I'm at my new desk staring out the window at the house next door, as I've been doing for much of the past week. In a few months I'll be blogging Rear Window-type observations about my neighbors. I'm sure this is legal.
I've got rewrites to do--some small things and some big, intractable things. They are due in a week, and I've been having trouble getting going. My available hours seem filled with urgent minutia--each tiny crisis seems to beget another one. It's hard to pump up your antagonist's presence when you're trying to explain to your credit card company the intricacies of getting mail forwarded from the great incorporated incompetence of Cleveland, OH.
My apartment will remain unfinished for awhile. There are curtains unhung and a half-assembled desk drawer unit sitting in the middle of my living room floor. I don't have time to assemble it, and it's too heavy to move. Anyway, it's the biggest piece of furniture in my living room. In a rash of I can make my own decisions! mania I ordered a large purple sleeper sofa, which hasn't arrived yet. This is generally why people don't let me make my own decisions.

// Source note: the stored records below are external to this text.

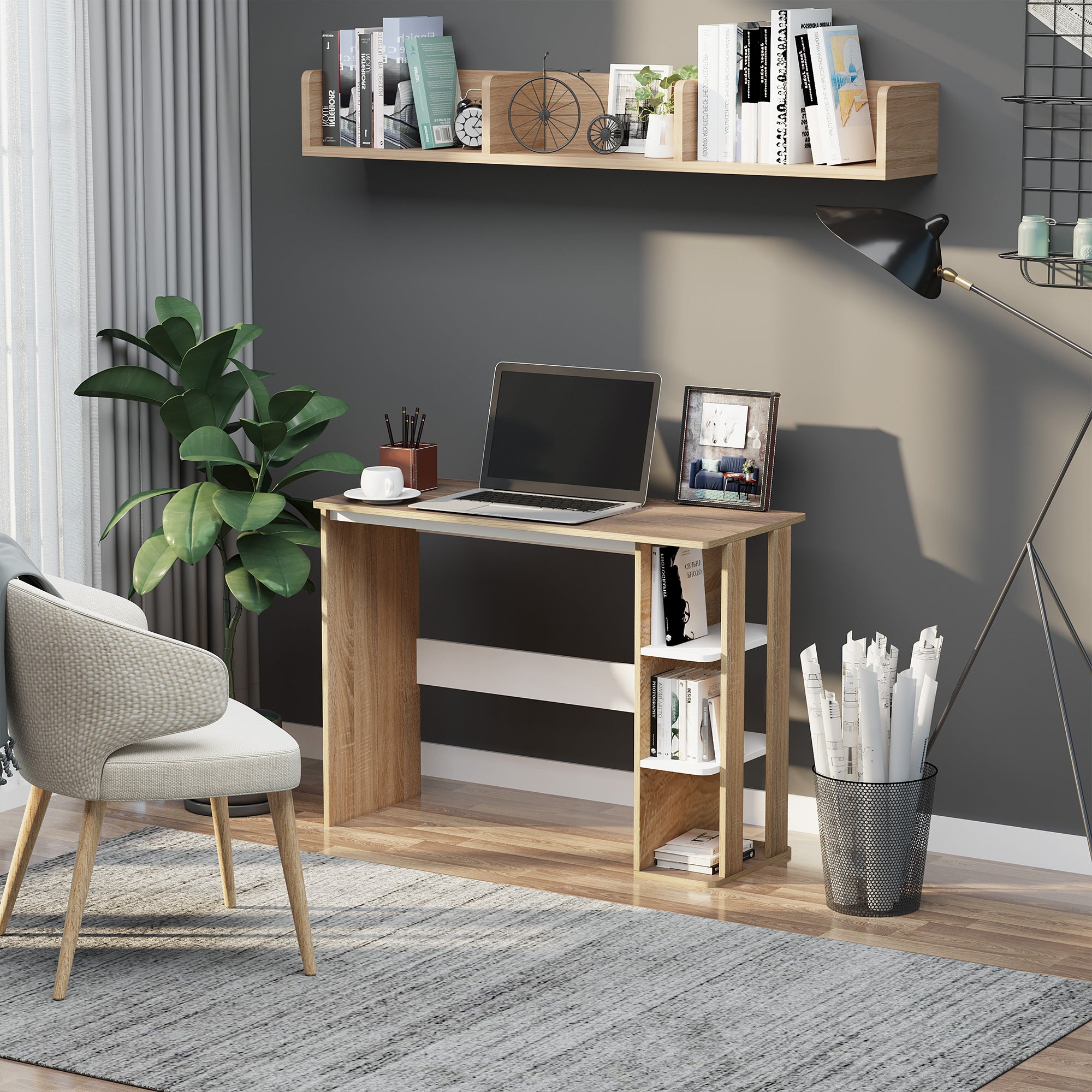 Computer Desk Computer Table dim. 100L x 44W x 74H cm 3 Side Shelves Wooden Light Oak White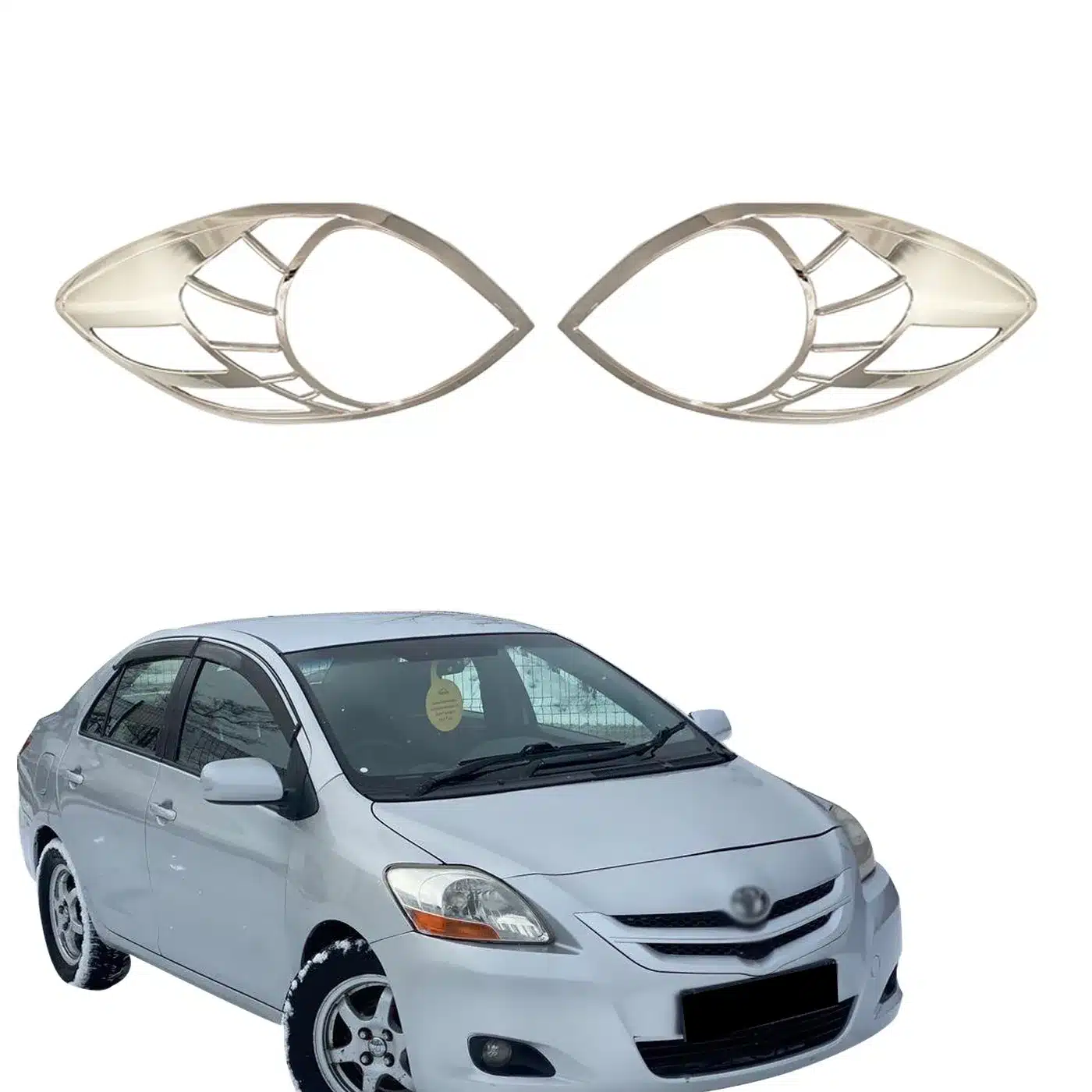Front Headlight Cover Chrome Plated Decorative Trim for Toyota Yaris 2006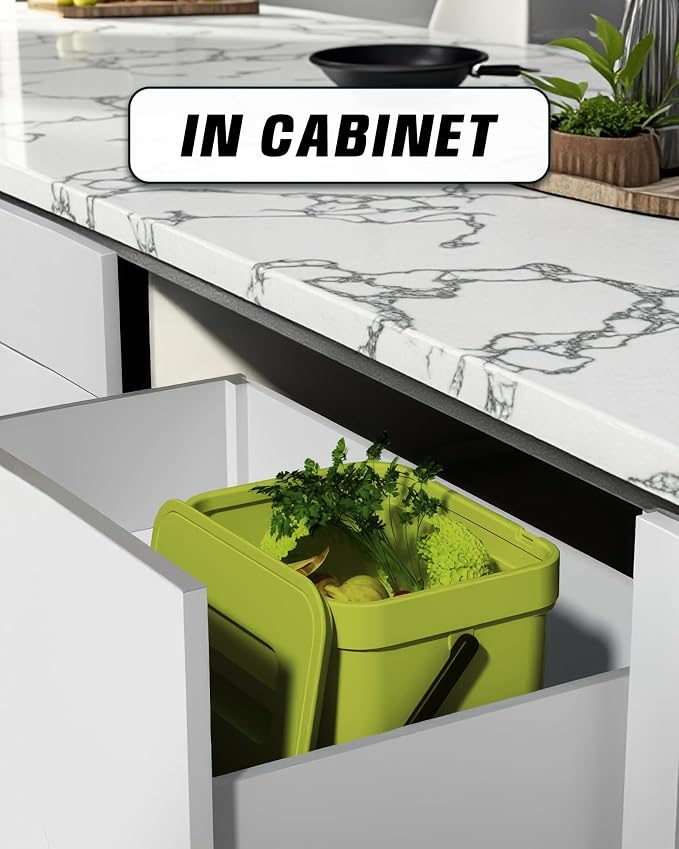 Countertop Compost Bin Kitchen, 1.8 Gallons Hanging Trash Can - Image 9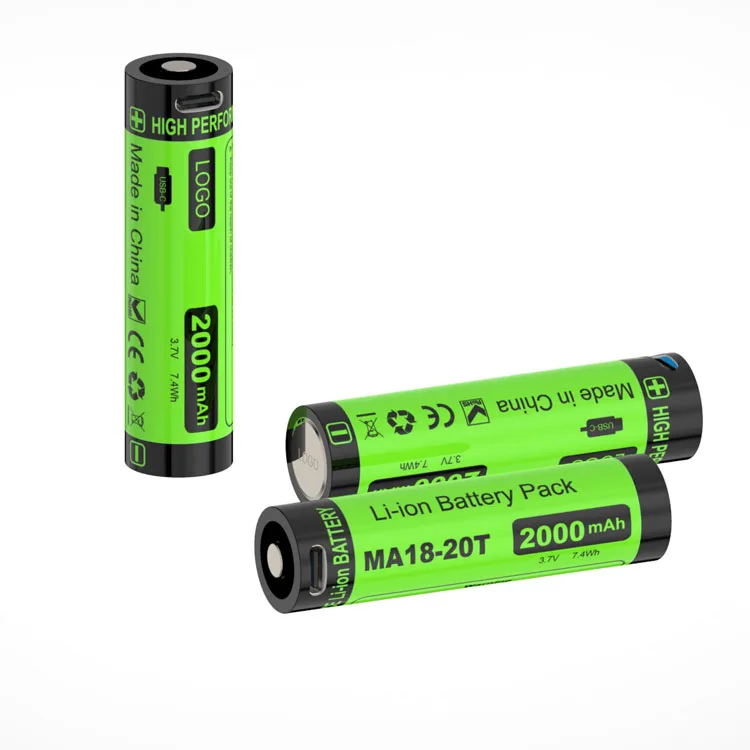 Type-C USB Rechargeable Battery 3.7V 2000mAh 2200mAh 2600mAh 3000mAh 3500mAh 18650 Flashlight Battery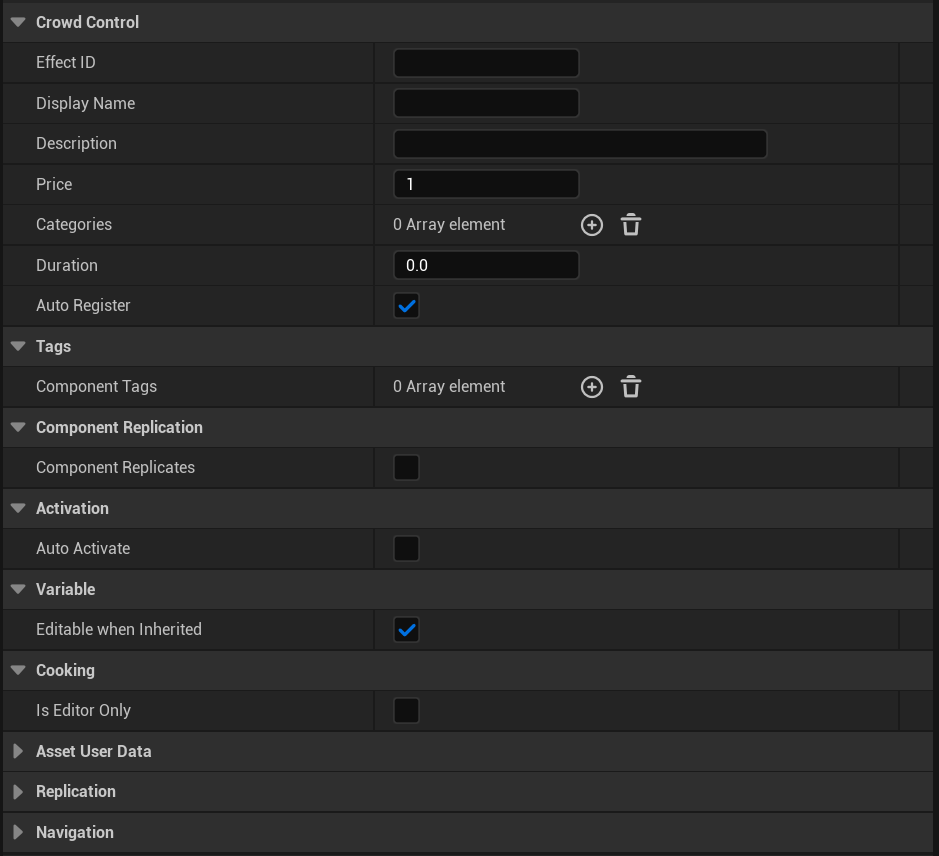 The editable Crowd Control fields on an unconfigured effect component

My landlady has been out of town for ten days. She asked me to take of her cats and her orchid. It turns out that by Take care of my orchid she did not mean Please let it slowly dessicate and die. The cats are still alive, though, and I think I should get credit for that.
One of my cats is in diapers, as he pees on things with abandon. I use the little boy's old diapers and cut a hole for the tail and thread the tail through. The other has, like, mange. She lies on my bed at night and scratches herself perpetually. I could rent her out to cheap motels--just put her in the room et, voila!--Magic Fingers vibrating bed. Mange is bad. I should take her to the vet. I should buy a new orchid. I need to do laundry. I need cat litter and, you know, food. I need to find some child care for next week so I can write. Or at least so I can stare out the window and think about writing.
I have child care today, and, other than trying to perform CPR on all the outdoor plants (that works, right?), not too much else to do. I woke up, determined to clear my head and look at the task before me. I made coffee. I sat down at my computer. My litle boy burst through my door and announced with glee, Mommy, I peed in my big boy bed!
The question is, how do you find the head space for writing when there is no space in your head?